US President Donald Trump said that Israel and Iran had agreed to a “total ceasefire,” according to a Truth Social post, then he followed up to say the agreement was “now in effect”. 

Iranian Foreign Minister Abbas Araghchi said that his country would hold fire if Israeli strikes stopped, Bloomberg reported. 

This has also been coupled with the Organisation for Petroleum Exporting Countries (OPEC) stating that it would increase supply to limit the impact of the conflict on oil prices. 

OPEC had also loosened its supply restrictions earlier this year, with several countries rapidly increasing their output to maintain market share. 

These countries do not want an elevated oil price, with higher prices likely to push countries and companies to reduce their reliance on the commodity in favour of cheaper alternatives. 

As a result, after initially spiking by 13% after Israel’s first wave of strikes, the price of oil has come down sharply to $66.34 per barrel. 

This is an 11% decline over the past five days, with the oil price now down over 4% over the past six months and 18% year-on-year. The price is now lower than it was before Israel’s first strike. 

Old Mutual Wealth chief investment strategist Izak Odendaal pointed out that even prior to the ceasefire, the price of oil in rands was still 7% lower than a year ago. 

Thus, the impact of higher oil prices on inflation would have been limited, as increases in fuel prices would not have been as sharp as expected. 

Ultimately, petrol and diesel prices may even see a decline at the pumps next month, with the decline in oil prices being coupled with a stronger rand. 

Over the past day, the rand has strengthened 1.66% against the dollar to trade at R17.81 to the greenback at 08:00 a.m. 

Inflation implications

Old Mutual Wealth’s Izak Odendaal

Odendaal explained that the levels at which the Israel-Iran conflict took the oil price to were unlikely to significantly impact South Africa’s inflation outlook. 

The oil price at the end of last week, before the ceasefire was announced, was still 7% below its level last year in rand terms. 

Apart from that, the Reserve Bank prefers to ‘look through’ these short-term shocks to better understand the longer-term second-round impact on other goods and services. 

Governor Lesetja Kganyago will probably feel lucky that he scheduled the next Monetary Policy Committee for 30 July, Odendaal said. 

This will give him and his colleagues time to assess where the oil price and rand-dollar exchange rate settle. 

On Friday, the rand oil price was still 7% lower than a year ago and did not ring alarm bells, but this could still change.

Odendaal also explained that oil prices have a lower impact on inflation than in the past due to the rise of alternative energy sources in the production of goods and services. 

It will also have a look of June’s inflation data.

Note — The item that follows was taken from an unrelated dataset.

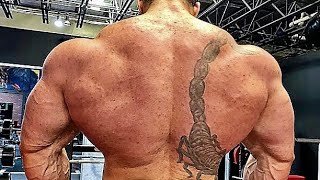 LIVING LIKE A MONSTER - RAFAEL BRANDAO - BODYBUILDING LIFESTYLE MOTIVATION 🔥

May’s inflation was probably the bottom of the cycle, but at 2.8% it was below the Reserve Bank’s 3% to 6% target range for the third month in a row. 

It should drift higher from here and remain close to the 4.5% target over the medium term, unless the global environment changes dramatically. 

There has been no formal announcement on moving the inflation target as yet, but the Reserve Bank appears to be implicitly targeting the lower end of its target range. 

This would be a good time to lower the inflation target, as inflation is already hovering below 3%, meaning that the Reserve Bank would not have to maintain this level.